Remedios Gómez tenía las manos atrás, puestas en el broche del sujetador, cuando Rubirosa avanzó hacia ella y le partió la nariz de un puñetazo. La estantería que había a su espalda, efectivamente, se volcó, y las bobinas y las cajas de cremalleras y cintas que en su primer encuentro habían caído por la efusión del deseo, se derramaron ahora sobre el cuerpo derrumbado de Remedios Gómez con un repiqueteo triste y algo humillante. Aunque más que la humillación, en ese momento, a Remedios Gómez lo que seguramente más le preocupaba era intentar recobrar la lucidez, comprender qué le había ocurrido y contener aquel incipiente goteo de sangre que al llevarse las manos a la nariz se convirtió en un río algo caudaloso. Tiempo después confesaría que no sintió miedo ni apenas dolor. Sólo estaba confusa, todavía con el deseo recorriéndole el cuerpo y sintiendo un ruido de cañerías al respirar que parecía llenarle la cabeza entera y que ni siquiera le dejó oír el sonido de la persiana metálica al descorrerse.
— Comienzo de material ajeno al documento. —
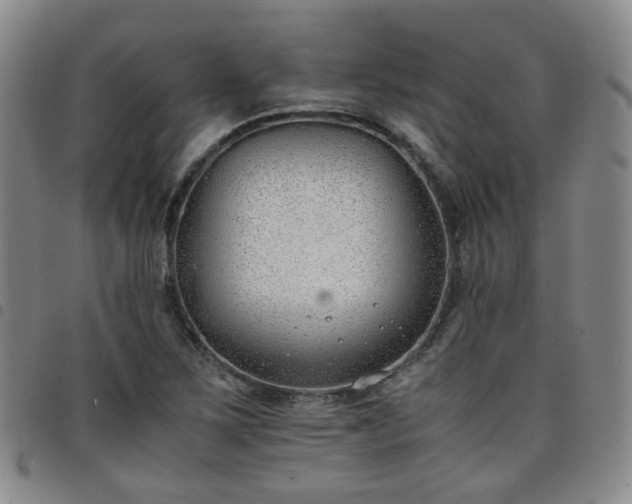 X0000098141267200804241705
Cuando unos instantes después recuperó por completo la conciencia pensó que Rubirosa se había evaporado o que todo había sido una alucinación y el representante ni siquiera había entrado en la tienda.

Pero Rubirosa no se había evaporado. Se quedó allí de pie, alisándose la corbata y viendo cómo la sangre le caía a Remedios Gómez por los pechos y por el vientre, con el sujetador verde esmeralda desmayado a la altura del ombligo y unos espasmos sin ritmo contrayéndole el vientre. Quizá le habría gustado a Rubirosa haberse evaporado una hora antes, cuando, apostado en su coche, vio cómo Luli Gigante salía de su casa y, después de besar a Miguelito Dávila, se iba con él calle abajo cogida de la mano.

Siguió Rubirosa a la pareja recién reconciliada y desde una esquina próxima vio cómo Dávila volvía a besarla y se separaba de ella para entrar en el portal de su casa. Luli se quedó al lado de la puerta, hasta que un par de minutos después Miguelito Dávila se asomó por una de las ventanas del segundo piso y le hizo una señal, indicándole que no había nadie en la casa. Se movió ella con su calma habitual, igual que días antes se había movido ante Rubirosa después de oír su proposición en la puerta del Bucán. Se situó delante del portal y después de rebuscar algo en su bolso, se agachó un poco para ver su cara reflejada en el cristal de la puerta y se pasó por los labios la barra de carmín rojo, el mismo rojo de los pétalos de una rosa, el mismo rojo de la camiseta ceñida que Luli llevaba puesta y el mismo rojo que debió de estar pasando por la mirada de Rubirosa esa tarde, cuando llegó a la mercería de Remedios Gómez. El mimo rojo de la sangre que manaba por la nariz de Remedios y que seguiría persiguiendo a Rubirosa hasta el final de esa madrugada, cuando en uno de aquellos tugurios de la costa por los que a veces solía perderse, vencido por el alcohol, cayese desmayado en los brazos de una prostituta murmurando el nombre de Luli.